Consider two investors who each start with $50,000 and contribute $500/month for 30 years, earning 10% annually before fees. Investor A uses a low-cost index fund (0.05% expense ratio). Investor B uses a typical actively managed fund (1% expense ratio). After 30 years, Investor A has approximately $1.09 million. Investor B has approximately $870,000 — a difference of over $220,000. That gap represents fees that went to fund managers rather than compound in your portfolio.
Active Management vs Index Funds: The Evidence
Decades of research consistently show that actively managed funds underperform their benchmark index over the long term, particularly after accounting for fees. The SPIVA (S&P Indices Versus Active) scorecard regularly shows that 80-90% of actively managed US stock funds underperform the S&P 500 over 10-20 year periods. The higher the fees, the greater the hurdle the manager must overcome to add value — and most don't.

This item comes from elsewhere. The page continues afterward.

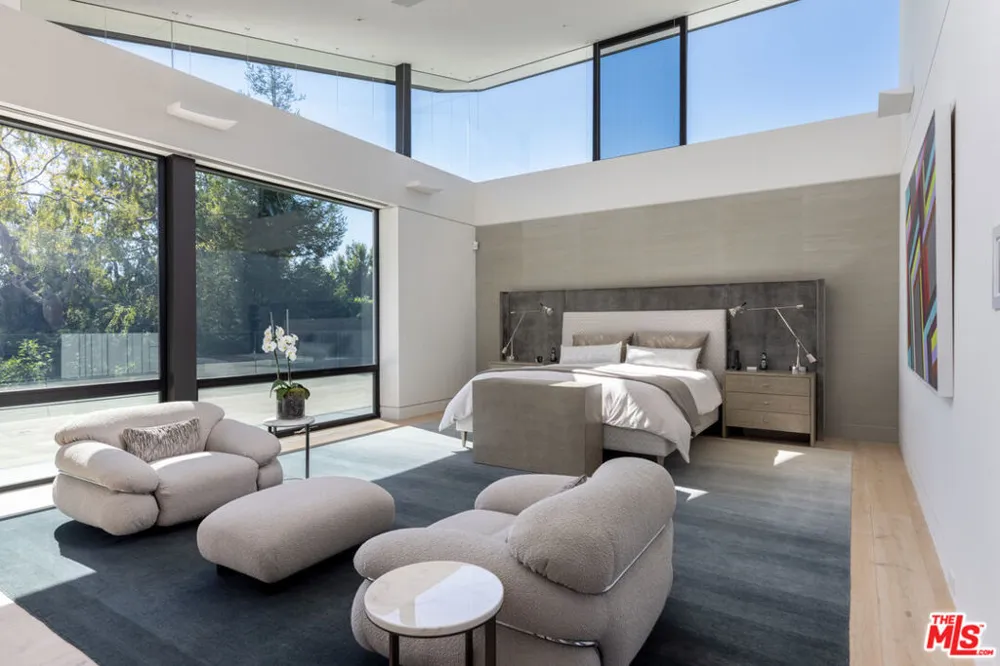 814 Toulon Drive Pacific Palisades, CA 90272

This is why Jack Bogle, founder of Vanguard, built his company around index funds with minimal expense ratios. The simple insight: you can't control market returns, but you can control costs. Every dollar not paid in fees is a dollar that compounds for you instead.
The Impact of Fees on Your Coast FIRE Number
For Coast FIRE planning specifically, fees directly impact how much you need to have invested today to reach your retirement goal. Higher fees mean a lower net real return, which means you need a larger Coast FIRE number. Our main Coast FIRE Calculator includes a fees field for this exact reason — the difference between 0.05% and 0.75% fees meaningfully changes when you reach Coast FIRE.
How to Find Low-Cost Index Funds
The major no-cost brokerages (Vanguard, Fidelity, Schwab, and Charles Schwab) all offer index funds with expense ratios of 0.03-0.10%. Fidelity even offers zero-expense-ratio index funds (FZROX, FZILX). For 401(k) accounts where you may have limited fund choices, look for the index funds in your plan — they almost always have the lowest expense ratios. If your 401(k) offers no funds below 0.50%, advocate for better options or prioritize the IRA for your lowest-fee index funds.